Malgré une période d'accalmie et de consensus depuis le départ autour du président déchu en janvier 2011, l'agence Standard and Poor's (SP) pense que les incertitudes vont persister quant à la politique menée à moyen terme.
Autre son de cloche de la part du Gouvernement, Houcine Dimassi, ministre des Finances, avait déclaré à l'agence TAP qu' « il ne s'attendait pas à une telle baisse », relevant que cette régression de la note de la Tunisie n'est pas fondée sur des critères objectifs. « La décision d'abaisser la note de la dette à long terme de la Tunisie par SP est basée en grande partie sur des critères relatifs à la faible visibilité politique », a-t-il ajouté. Il a précisé, à ce sujet, que « certains indicateurs économiques du pays, enregistrés au cours des premiers mois de 2012, ont connu une évolution remarquable, par rapport à la même période de l'année écoulée ». Cette relance, a-t-il poursuivi, a touché plusieurs secteurs économiques, citant entre autres le secteur agricole, l'investissement et le tourisme.
Abdejlil Bédoui, vice-président de la Voie Démocratique et Sociale (VDS), universitaire et économiste a déclaré au Temps que « la dégradation de la note souveraine de la Tunisie est attendue suite à une dégradation de tous les indicateurs économiques. Le plus grave est qu'il y a une perte de confiance. Le pays souffre de l'absence d'une vision claire de nature à prévenir et entrevoir l'avenir immédiat et lointain ». Il étaye, comme une des manifestations de cette absence de visibilité, les contradictions entre les deux têtes de l'Exécutif, étalées à tout bout de champ. « Ceux qui sont au pouvoir sont en train de faire des choses non conformes à la réalité économique du pays, comme l'indemnisation des anciens prisonniers pour la somme de 750 millions de dinars.
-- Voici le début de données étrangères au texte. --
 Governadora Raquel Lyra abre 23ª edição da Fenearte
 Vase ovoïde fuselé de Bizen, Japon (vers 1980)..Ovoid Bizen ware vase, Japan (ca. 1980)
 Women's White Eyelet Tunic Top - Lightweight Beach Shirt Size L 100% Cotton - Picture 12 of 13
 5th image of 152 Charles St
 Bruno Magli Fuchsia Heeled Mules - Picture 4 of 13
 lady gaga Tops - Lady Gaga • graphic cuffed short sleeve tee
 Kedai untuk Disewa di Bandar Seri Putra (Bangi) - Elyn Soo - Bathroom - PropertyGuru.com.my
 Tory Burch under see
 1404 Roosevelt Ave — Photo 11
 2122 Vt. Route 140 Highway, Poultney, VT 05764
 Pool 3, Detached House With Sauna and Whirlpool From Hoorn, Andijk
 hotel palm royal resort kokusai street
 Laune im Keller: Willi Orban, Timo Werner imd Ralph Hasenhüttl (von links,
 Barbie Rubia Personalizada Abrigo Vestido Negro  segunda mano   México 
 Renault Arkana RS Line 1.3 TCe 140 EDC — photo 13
Le Gouvernement est pléthorique avec ses 81 ministres ». L'économiste déplore l'irresponsabilité du pouvoir en place. L'hétérogénéité s'ajoute aux conflits publics. « En plus dans les choix économiques de la loi de Finances, la première ainsi que la complémentaire, il n 'y a rien d'encourageant », affirme l'économiste.
Quelles seront les conséquences de cette dégradation sur la Tunisie ?
Abdeljélil Bédoui, précise : « nos possibilités d'accès à la finance internationale vont être très limitées. Et même, lorsqu'on sera amené à contracter des prêts sur le marché financier international, ce sera autrement assujetti à des conditions draconiennes en termes de taux d'intérêt et de délais de remboursement et de grâce. En plus la dette déjà contractée ne fera qu'engluer encore davantage les empreints conclus à des taux variables. Cette dégradation ne peut qu'effaroucher les investisseurs étrangers ».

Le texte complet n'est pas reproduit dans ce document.